LOSING his mother at the tender age of six and dropping out of school in Class Seven did not deter Jimmy Pickering Qalovaki from achieving his dream of being a successful businessman.
"It was through hard work, patience and God's grace that I was able to make it to where I am today," said Jimmy, the proud director and owner of Island Tropical Forest — a timber exporting company based in Veisari outside Lami.
Nicknamed "the Garbage Man" by his colleagues in the timber industry for the nature of his business, as Jimmy only deals with "garbage" or left overs of mahogany from areas that have been logged out, Jimmy is a true opportunist.
"When the cutting of mahogany is completed in one area then it's my turn to come in and collect the waste mahogany that has been left behind and whenever I come around they will say here comes Jimmy 'the Garbage Man' because I clean up the left overs," said Jimmy.
Jimmy hails from Salia, Nayau in the Lau Group and is the only iTaukei miller in Fiji. He is now exporting his products straight to China trading with the Zhuan Xin Teakwood Manufacturing Co. Ltd. However, Jimmy's success only came about through his hard work and determination to succeed against all odds.
"I gave up my education to give the chance to my other siblings being the eldest male and I had to assist my dad in looking after the family."
His first jobs was as a garden boy among a long list of other odd jobs. He then ventured into fishing buying a fibreglass boat from his savings starting his diving business. Commercial fishing followed soon after and he was part of the management of the Great Pacific Seafood — a company that was opened in the early 1990s.
"This is where I learnt a lot about business.
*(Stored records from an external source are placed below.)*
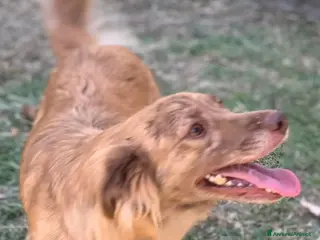 Meticcio cani Fritz un cane per tutti - Annuncio 38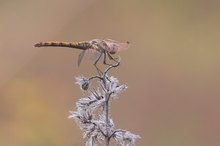 Heidelibelle im Raureif?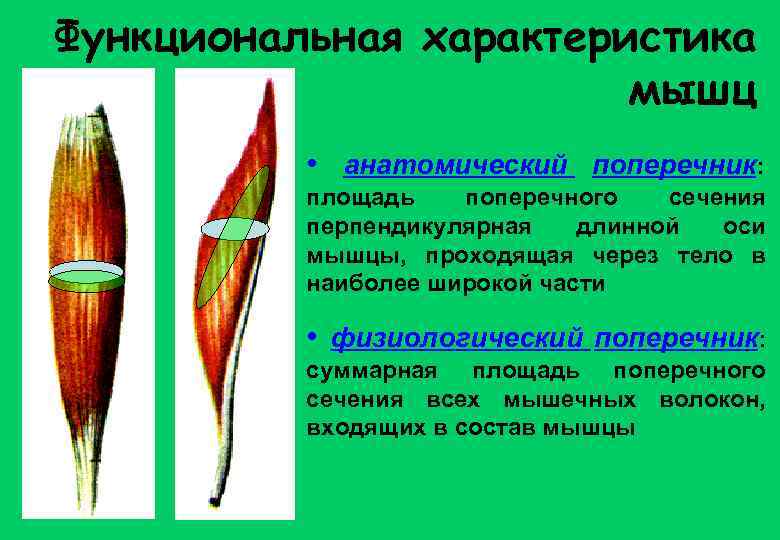 Функциональная характеристика мышц • анатомический поперечник: площадь поперечного сечения перпендикулярная длинной оси мышцы, проходящая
Being a primary school drop-out you would understand how difficult it was to be involved in business."
Jimmy's involvement with the fishing industry ended when the industry suffered in 2002.
"In 2003 Fiji Hardwood Corporation Ltd (FHCL) started cutting mahogany logs and I took this opportunity and ventured in to the timber industry. I sought advice from FHCL and they encouraged me to go ahead with my business because I wanted to buy waste logs from them.
"I'm utilising waste mahogany wood which is 0.9m in thickness with varying lengths. This is very good because it maximises the use of trees that have been cut to not only generate money but also employment. I didn't want to deal with logs but I opted with the waste because when you cut a tree about 40 per cent is used and the remaining 60 per cent is waste and simple mathematics would suggest that they is more waste so more business for me."
Jimmy won the 2006 Exporter of the Year Award and what was supposed to be a stepping stone to greater things instead took the opposite turn when local businesses that he relied on for hiring machinery began to close their doors on him.
"In 2007, I couldn't cut any timber. So I went to China to purchase my own mill and likewise look for possible buyers to buy my products. I was also able to acquire this 20-acre piece of freehold land in Veisari for my mill.
"I didn't have much capital because of my purchases so a friend of mine told me to try Fiji Development Bank. I thank the bank for their financial assistance which made it possible for me to build the shed for the mill, electricity and working capital."
Jimmy was assisted under the Reserve Bank of Fiji's Import Substitution and Export Finance Facility (ISEFF) administered through FDB. The ISEFF is targeted to assist exporters and large-scale agricultural farming businesses to borrow at a concessional rate from Commercial Banks including FDB and other licensed credit institutions. ISEFF is aimed at Export Finance - advance the competitiveness and ensure the availability of credit to the export sector and; Import Substitution — promote commercial agricultural production; advance the competitiveness of local agricultural produce and to assist the reduction of imports on agricultural products.
This facility is available farmers, sole traders, partnerships, private or limited liability companies and co-operatives. The purpose of the loan is to provide working capital needs such as: purchase of raw materials; stock; licensing requirements for export and transportation; for export consignments and contractual transportation; storage and packing costs and; purchase of plant and machinery, farm vehicles.
Early this year the mill was fully operational with the new machines in place and the first load of 10 containers gone to China in mid-August.
"My contract states that I need to produce 10 containers minimum per month and maximum is up to 200 containers. My buyer is willing to buy right down to 0.35 cubic metres which means I can utilise more waste pieces. I have 42 people working for me and for a small operation this is quite a big number and I'm looking forward to expanding so I can increase my quantity."
The advantage that Jimmy has is that he has an official from his Chinese buyer present at the site who inspects all of the products before they are packed for export. This ensures there are no rejects and all the products are sure money makers.
Jimmy sure puts a whole new meaning to garbage disposal being the opportunist that he is.
* Lote Raboila is the media and community relations officer of the FDB.